Ca, c'est bien gentil car je ne nous voyais pas rejoindre le bateau à travers la prairie peut-être envahie maintenant de gentils pythons ou de noirs boas comme à la marina de Miri. En fait tous ces territoires sont pris sur la mangrove et la jungle et les pauvres crocodiles, varans, lézards géants et divers serpents ne se gènent pas la nuit pour investir leur habitat naturel.
Le lendemain matin, le cigarette-boat du Sultan se détache de son ponton et se dirige vers le nôtre.
Le sultan, aux commandes, nous salue gentiment avec un grand sourire :
- Prenez soin de vous !!
- Merci, encore merci !
Dans la matinée, je me rend au Yacht Club qui n'est autre que l'hôtel quatre étoiles.

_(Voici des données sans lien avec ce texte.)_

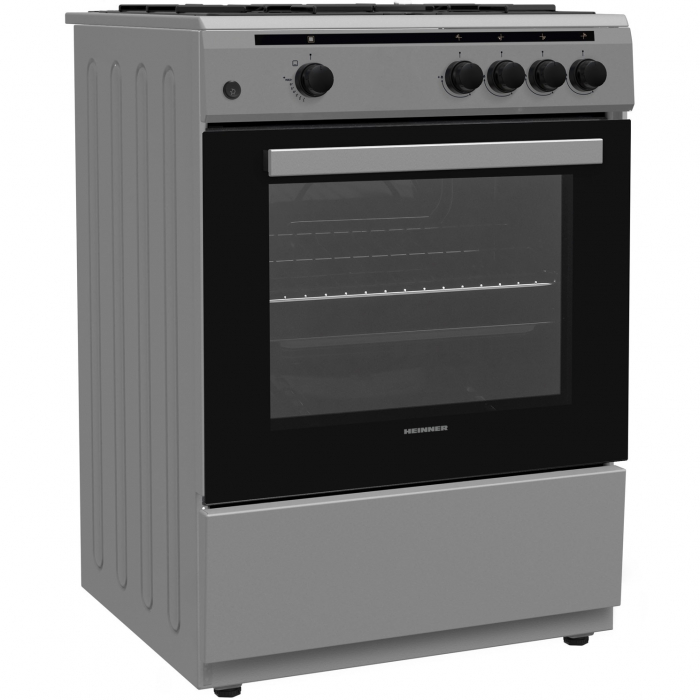 Aragaz Gaz Heinner HFSC-V60SL, 4 arzatoare, Gaz, Aprindere electrica, Dispozitiv de siguranta plita si cuptor, Duze GPL incluse, 60 cm, Argintiu [3]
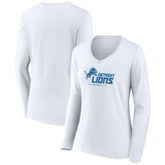 Detroit Lions Women's Logo Team Lockup Long Sleeve V-Neck T-Shirt White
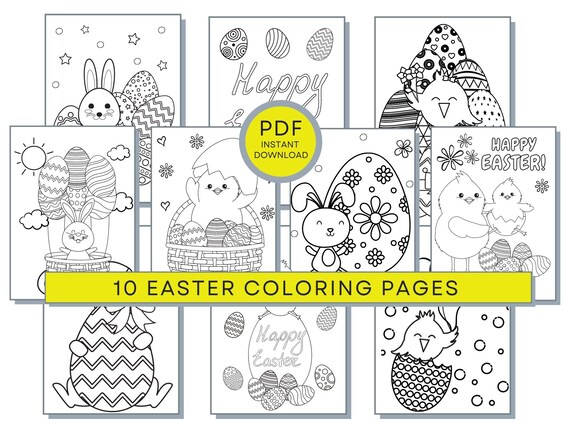 Easter Coloring Pages, Easter PDF Coloring Easter Printables, Bunny Coloring Sheets, Good Friday Coloring Pages, Easter Activity Page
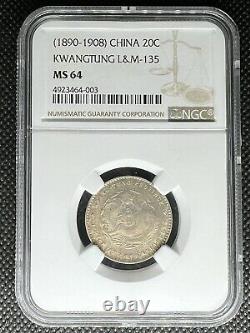 1890-1908 China Kwangtung 20 Cents 20c Silver Coin Lm-135 Ngc Ms-64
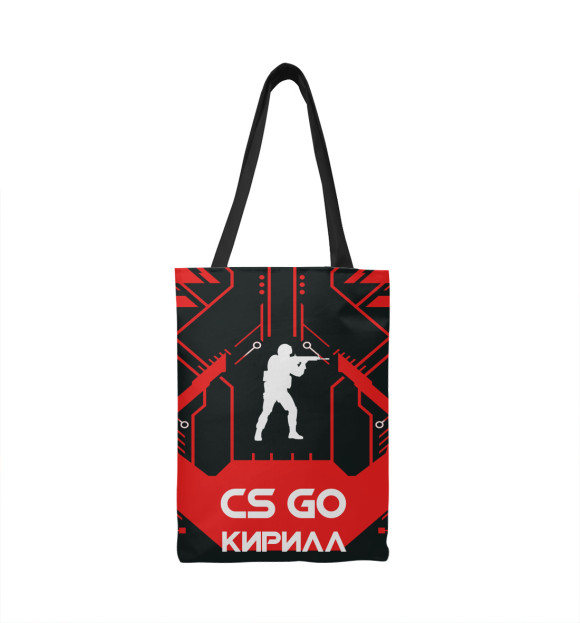 Сумка-шоппер с изображением Кирилл в стиле CS GO цвета 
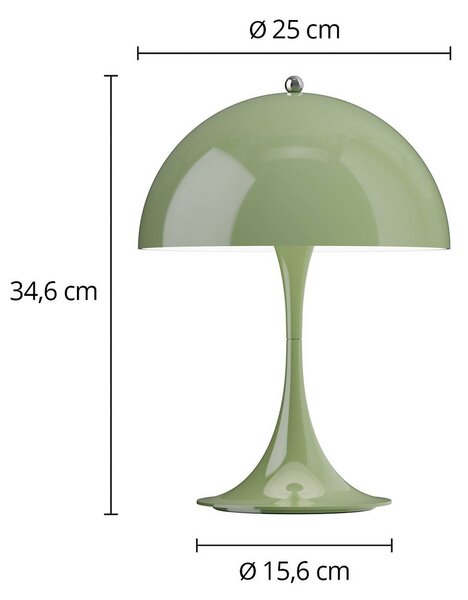 Louis Poulsen Lampada da tavolo a LED Panthella 250, dimmerabile, Verde, Soggiorno / Sala da pranzo, Plastica, Moderno, Lampada da tavolo LED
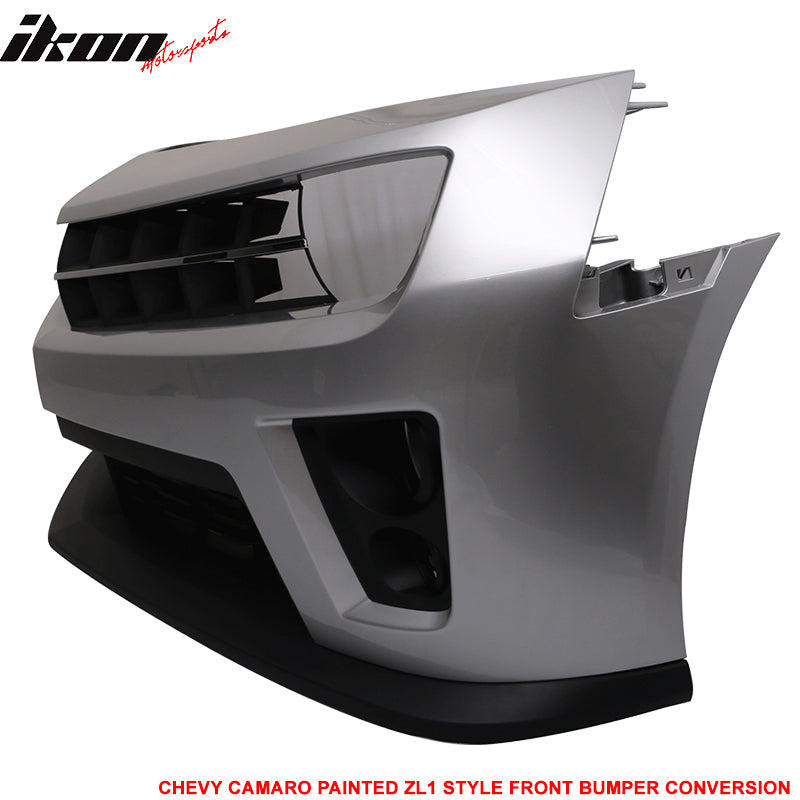 Fits 10-13 Chevy Camaro ZL1 Style Front Bumper Cover PP Painted #WA636R Silver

Je veux absolument voir les portraits officiels qui trônent dans le grand hall d'entrée. Et bien sûr, il y a là notre Sultan en grand uniforme et dans un autre cadre, la sultanah admirablement parée.
Ca alors !!!!                                                                                                               

     sultan motosophia ter

 


Maintenant, nous avons laissé Sebana Cove dans sa solitude et sommes dans une autre marina, Danga Bay.
Devinez qui domine la baie où nous sommes ?
Et oui, c'est bien sûr, le palais gothique normand de notre Homme à la moto rouge.